05 August, 2023

Transgenderism in the Current Political and Social Landscape

As the name of my blog implies, being a libertarian, ordinarily I am of the mind to tolerate anything which does not materially affect me.  However, such a simplistic statement would preclude principles important to uphold which don't affect me at all, for example, preventing child abuse (because I have not been a child for several decades).  And this is a hint as to one of the points of this post, that although I struggle with the fact that I want the best life for as many people as possible, we have to be extremely careful when it comes to children.

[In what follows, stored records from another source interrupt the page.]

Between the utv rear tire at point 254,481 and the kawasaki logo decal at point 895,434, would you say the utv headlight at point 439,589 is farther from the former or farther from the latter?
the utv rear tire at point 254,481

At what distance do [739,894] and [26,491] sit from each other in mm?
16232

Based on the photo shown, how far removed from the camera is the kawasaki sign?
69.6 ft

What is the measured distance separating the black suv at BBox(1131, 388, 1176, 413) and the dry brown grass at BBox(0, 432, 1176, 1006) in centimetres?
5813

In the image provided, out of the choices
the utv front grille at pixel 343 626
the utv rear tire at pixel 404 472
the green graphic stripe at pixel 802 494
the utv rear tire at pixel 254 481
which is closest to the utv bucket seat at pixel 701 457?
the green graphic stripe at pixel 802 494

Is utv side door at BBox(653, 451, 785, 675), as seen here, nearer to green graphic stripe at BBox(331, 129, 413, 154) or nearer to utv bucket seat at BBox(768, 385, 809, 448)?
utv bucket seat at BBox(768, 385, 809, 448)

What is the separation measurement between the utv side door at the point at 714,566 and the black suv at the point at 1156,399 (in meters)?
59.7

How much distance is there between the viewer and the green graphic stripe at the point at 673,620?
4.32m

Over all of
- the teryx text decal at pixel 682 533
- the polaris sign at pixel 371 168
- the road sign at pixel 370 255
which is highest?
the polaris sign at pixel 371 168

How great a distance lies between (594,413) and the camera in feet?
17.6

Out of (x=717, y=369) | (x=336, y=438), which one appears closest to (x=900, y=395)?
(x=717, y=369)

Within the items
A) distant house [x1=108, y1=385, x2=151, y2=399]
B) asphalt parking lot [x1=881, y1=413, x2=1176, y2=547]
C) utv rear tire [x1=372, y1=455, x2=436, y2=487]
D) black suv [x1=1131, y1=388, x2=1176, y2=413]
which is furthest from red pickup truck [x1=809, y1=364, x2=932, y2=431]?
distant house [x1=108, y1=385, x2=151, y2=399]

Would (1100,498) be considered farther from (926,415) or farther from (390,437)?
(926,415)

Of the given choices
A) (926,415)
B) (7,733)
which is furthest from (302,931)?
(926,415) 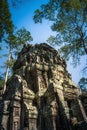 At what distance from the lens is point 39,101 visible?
58.5 ft

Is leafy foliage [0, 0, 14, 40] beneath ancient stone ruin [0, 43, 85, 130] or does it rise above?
above

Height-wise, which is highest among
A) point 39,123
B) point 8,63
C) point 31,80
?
point 8,63

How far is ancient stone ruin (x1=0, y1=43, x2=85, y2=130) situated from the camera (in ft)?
48.9

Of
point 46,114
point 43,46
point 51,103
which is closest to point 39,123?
point 46,114

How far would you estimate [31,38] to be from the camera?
23.0 m

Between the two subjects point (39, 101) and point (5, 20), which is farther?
point (39, 101)

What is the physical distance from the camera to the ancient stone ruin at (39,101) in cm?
1491

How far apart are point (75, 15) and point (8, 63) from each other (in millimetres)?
12723

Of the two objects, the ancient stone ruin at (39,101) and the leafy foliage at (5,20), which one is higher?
the leafy foliage at (5,20)

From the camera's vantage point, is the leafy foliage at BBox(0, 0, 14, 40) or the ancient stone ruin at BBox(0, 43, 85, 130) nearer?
the leafy foliage at BBox(0, 0, 14, 40)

First, I know the following will be offensive to a certain segment of the general population, but biology can't be ignored.  With some rare, maybe even extremely rare, exceptions, people with XX chromosomes are female and XY are male.  To be clear, this has extremely close to nothing to do with how people perceive themselves, and by extension, how they wish others to perceive them.  A fairly large proportion of people are perfectly happy with their biological gender.  But some others figure they'd be better off leading a life following the norms of the opposite gender.  To me, this is a construct of society, how people want to be treated by others.  Seems this would be driven by that person's life experiences, and their observations of how society interacts with members of some gender (whether the same as their biological gender or their desired gender).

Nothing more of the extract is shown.